The COE is a certificate that entitles one to own a car. This certificate is valid for ten years, at the end of which one must either scrap the car and get back the OMV which goes towards the purchase of a new car and a new COE. If one chooses, one can keep the old car and purchase a new COE for it and continue with the old car.

It is a total mystery to a non Singaporean why sometimes it actually is financially beneficial to scrap a perfectly good 3 or 4 year old car and trade in for a new one. Of course to an outsider it will seem wasteful, but Sngaporeans do it on a regular basis. I am told that this is due to the fluctuation of the value of the COE.

It is a very complicated system and one must understand fully all the mind boggling rules and regulations before a car purchase.

In Singapore, owning a car is a luxury and it is very expensive to keep and run a car. Public transport is excellent and many Singaporens have chosen to do without it. Eleswhere in the world we take it for granted that a vehicle is an essential possession and a necessity but not here in Singapore.

Saturday, January 06, 2007

Phuket Cancellation

Read in the papers today that they are predicting more violence in Thailand. Different factions are jostling for power and influence. The current Thai premier has told the country to brace themselves for more trouble to come. The situation in Thailand I gather is very volatile and anything could happen. They still have no idea who carried out the bombings on new years eve. There are numerous speculations but nobody can tell what might happen from day to day.

In view of the uncertainty and the volatile situation in Thailand at the moment, we have decided to postpone our visit to Phuket. Cancellation of hotel will cost us but Tiger Airways will refund in full because they have cancelled our return flight.
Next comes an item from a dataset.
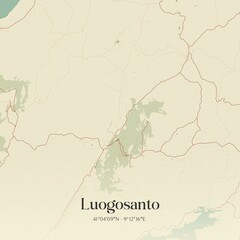 Fototapeta premium Vintage map of Luogosanto, Italy.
Phuket will always be there and we will visit under calmer circumstances.

Goodbye 2006 - Welcome 2007

2006 is behind us and we have crossed over into a new year 2007. As I looked back over the year that has just gone by, I asked myself,

Was I a better person than I was in 2005?

Have I, without knowing caused pain and sadness to someone?

Have I been compassionate and understanding?

Have I been too arrogant?

Have I spent enough time with my family and friends?

What have I achieved during the last twelve months?

Have I learnt anything new?

I would like to think that as I get older I have become wiser. I hope that with age I have also become a better person. I hope that in 2007 I would be able to bring happiness to all I come in contact with. I will try to be more compassionate and where needed I will always be willing to lend a helping hand. If I manage all these, then it will be a very good year for me.

Monday, January 01, 2007

Phuket - Thailand

We are scheduled to visit Phuket on January 9, 10 anf 11. In view of the New Year Eve bombings in Bangkok, we are wondering if we should proceed with the journey.

The second wave of bombing at the stroke of midnight into 2007, was aimed at tourists. I am wondering if Phuket will be safe during our trip. Just have to keep an eye on how situation develops in Thailand over the next week.

Thailand aka the Land of Smiles has started 2007 on a bad note. lets hope things do not deteriorates further.

Happy New Year

Happy New Year to one and all. Let us hope and pray that 2007 will bring with it Peace and Harmony between nations, Love and Compassion all over the world and let us all contribute towards the peotection of our environment.